En este sentido quizá no sea tan sorprendente que, luego de varios siglos de historia, ciertas manifestaciones artísticas recurran para conseguir tal efecto a maniobras radicales, extremas. A diferencia de otras épocas, pareciera que en la nuestra ya no bastan los desnudos en la pintura, los cambios abruptos de técnica o algún otro recurso controvertido para objetar la permanencia del statu quo. Ahora, dicho literalmente, se pone mucho más en juego.
Un ejemplo sumamente elocuente de esta situación que se vive en el arte contemporáneo se encuentra en Marc Quinn, artista británico nacido en 1964 que, aunque de obras siempre polémicas, recientemente levantó mayor revuelo al presentar un busto moldeado a partir de sus propias facciones pero cuyo material, sorprendentemente, no es otro más que sangre congelada: su propia sangre. Repitiendo la operación cada cinco años para obtener sendas esculturas.
Inspirado por los autorretratos de Rembrandt (de donde tomó algo de ese carácter serial y complementario entre cada una de sus partes), Quinn asegura que su trabajo expresa la “preocupación por la mutabilidad del cuerpo y los dualismos que definen la vida humana”, además de otras ideas un tanto menos ambiguas que tocan el corazón mismo de la manera en que el arte se recibe y se reproduce en las sociedades occidentales modernas:
En un sentido gracioso pienso que “Self”, la serie de cabezas congeladas, trata de la imposibilidad de la inmortalidad.

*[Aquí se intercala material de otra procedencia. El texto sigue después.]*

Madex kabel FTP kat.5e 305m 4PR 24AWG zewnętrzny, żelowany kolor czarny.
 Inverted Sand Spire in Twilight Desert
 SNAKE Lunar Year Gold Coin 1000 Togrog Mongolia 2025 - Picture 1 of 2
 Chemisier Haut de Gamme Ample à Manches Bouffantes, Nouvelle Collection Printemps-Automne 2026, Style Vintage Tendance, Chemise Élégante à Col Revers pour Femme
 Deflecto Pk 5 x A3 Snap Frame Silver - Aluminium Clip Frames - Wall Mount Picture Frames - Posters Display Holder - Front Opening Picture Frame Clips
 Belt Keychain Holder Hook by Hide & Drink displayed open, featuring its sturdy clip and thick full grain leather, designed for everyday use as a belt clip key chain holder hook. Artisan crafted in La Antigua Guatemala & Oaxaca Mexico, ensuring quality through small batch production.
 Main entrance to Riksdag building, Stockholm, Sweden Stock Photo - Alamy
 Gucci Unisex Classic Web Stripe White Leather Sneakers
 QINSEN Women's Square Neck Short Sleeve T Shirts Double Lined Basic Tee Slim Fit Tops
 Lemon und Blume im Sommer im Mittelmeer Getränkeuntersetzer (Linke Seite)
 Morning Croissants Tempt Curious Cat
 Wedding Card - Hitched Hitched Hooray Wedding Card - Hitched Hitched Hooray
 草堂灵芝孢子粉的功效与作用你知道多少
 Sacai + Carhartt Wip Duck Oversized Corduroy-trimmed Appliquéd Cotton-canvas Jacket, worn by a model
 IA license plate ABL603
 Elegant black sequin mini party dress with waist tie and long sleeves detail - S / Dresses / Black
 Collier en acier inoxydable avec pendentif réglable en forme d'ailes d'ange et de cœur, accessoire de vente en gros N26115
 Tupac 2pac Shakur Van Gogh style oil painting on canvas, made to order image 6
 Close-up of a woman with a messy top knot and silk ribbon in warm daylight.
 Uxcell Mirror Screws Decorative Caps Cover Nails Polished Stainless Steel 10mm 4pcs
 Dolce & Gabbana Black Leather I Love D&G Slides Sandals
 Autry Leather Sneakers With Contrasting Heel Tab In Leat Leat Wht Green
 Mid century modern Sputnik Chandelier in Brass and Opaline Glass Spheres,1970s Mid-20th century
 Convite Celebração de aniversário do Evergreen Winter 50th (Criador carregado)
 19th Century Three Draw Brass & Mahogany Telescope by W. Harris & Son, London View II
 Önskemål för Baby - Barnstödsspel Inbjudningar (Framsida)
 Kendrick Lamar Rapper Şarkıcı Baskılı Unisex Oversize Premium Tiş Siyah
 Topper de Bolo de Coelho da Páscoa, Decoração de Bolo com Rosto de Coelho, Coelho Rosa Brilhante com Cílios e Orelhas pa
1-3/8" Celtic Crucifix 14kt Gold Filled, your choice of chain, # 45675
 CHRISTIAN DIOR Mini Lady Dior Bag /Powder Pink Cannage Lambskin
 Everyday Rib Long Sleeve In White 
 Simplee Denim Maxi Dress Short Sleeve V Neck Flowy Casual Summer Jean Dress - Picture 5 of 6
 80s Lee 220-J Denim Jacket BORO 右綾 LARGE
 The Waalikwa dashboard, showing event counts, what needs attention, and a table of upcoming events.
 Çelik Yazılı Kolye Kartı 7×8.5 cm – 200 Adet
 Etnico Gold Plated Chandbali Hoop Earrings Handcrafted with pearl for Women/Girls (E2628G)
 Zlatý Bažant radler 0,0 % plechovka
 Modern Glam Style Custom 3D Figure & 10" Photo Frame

Este es un trabajo artístico sobre el sustento de la vida. Si la desconectas, se convierte en un pozo de sangre. Solo puede existir en una cultura donde el cuidado por el arte es una prioridad. No es probable que sobreviva revoluciones, guerras ni disturbios sociales.
Así, “Self” parece apropiarse de una zona incómoda, todavía no delimitada, entre el arte y la vida, el cuerpo y la creación, los preceptos y las expectativas. Una región que, sin leyes ni reglas, tiene al artista como soberano.